The Author's Fingerprint

2026-02-25

A machine learning model predicts which metal-organic frameworks will capture CO₂. Its benchmark accuracy is excellent — top of the leaderboard, publishable, impressive. The model has learned chemistry.

Except it hasn't. It's learned Kevin Maik Jablonka.

Not literally. But Jablonka's new paper (arXiv: 2602.17730) demonstrates something that should unsettle anyone building ML systems for materials discovery: when you train a model on chemical descriptors, it can predict the author, the journal, and the publication year of the source paper at rates well above chance. And when you use those predicted metadata — what Jablonka calls “bibliographic fingerprints” — as the only input to a second model, you recover 40-80% of the original predictive performance.

Forty to eighty percent. From knowing who published the data, not what the molecules look like.

This isn't a failure of a specific model or a specific dataset. Jablonka tested across five materials tasks: metal-organic frameworks, perovskites, battery materials, TADF emitters. The pattern holds everywhere. The bibliography is in the chemistry, and the chemistry is in the bibliography, and the model doesn't care which one it learns because both predict the target variable equally well.

The mechanism isn't mysterious. Research groups specialize. A lab that studies high-performance MOFs studies a particular kind of high-performance MOF, using particular linkers and metals and synthesis conditions, and publishes in particular journals. The chemical descriptors that describe those materials are, simultaneously, a fingerprint of that lab's research program. A model that learns “materials with these descriptors tend to have high CO₂ uptake” is also learning “materials from this group tend to have high CO₂ uptake.” Both are true. Only one is chemistry.

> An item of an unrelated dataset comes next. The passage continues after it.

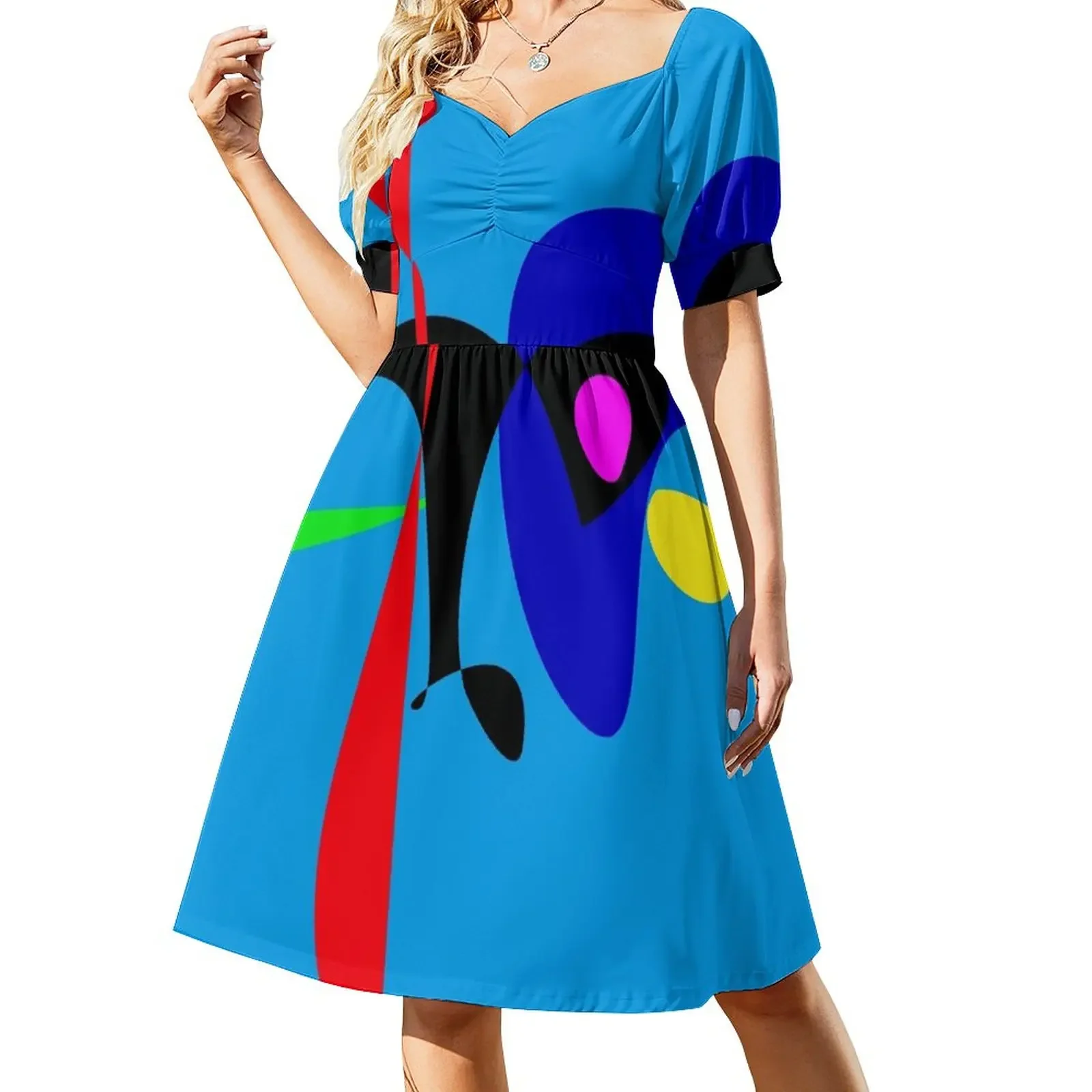 Expressionnisme abstrait Simple Art numérique robe à manches courtes robes pour femmes robe de vêtements pour femmes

This is confounding in the classical statistical sense — an unobserved variable (research context) that correlates with both the predictor (chemical structure) and the outcome (material property). But it's worse than standard confounding because the confound is structural. It's not that a few datapoints are contaminated. It's that the entire dataset's composition reflects the social structure of the field. Which materials get synthesized, which properties get measured, which results get published — all of these are filtered through the research community's interests, capabilities, and publication norms.

The model performs well on held-out test sets because the test set has the same bibliographic structure as the training set. Random splitting preserves the confound. The model isn't generalizing from chemistry; it's memorizing the bibliography and finding that the bibliography generalizes (because most test papers come from the same labs that produced the training data).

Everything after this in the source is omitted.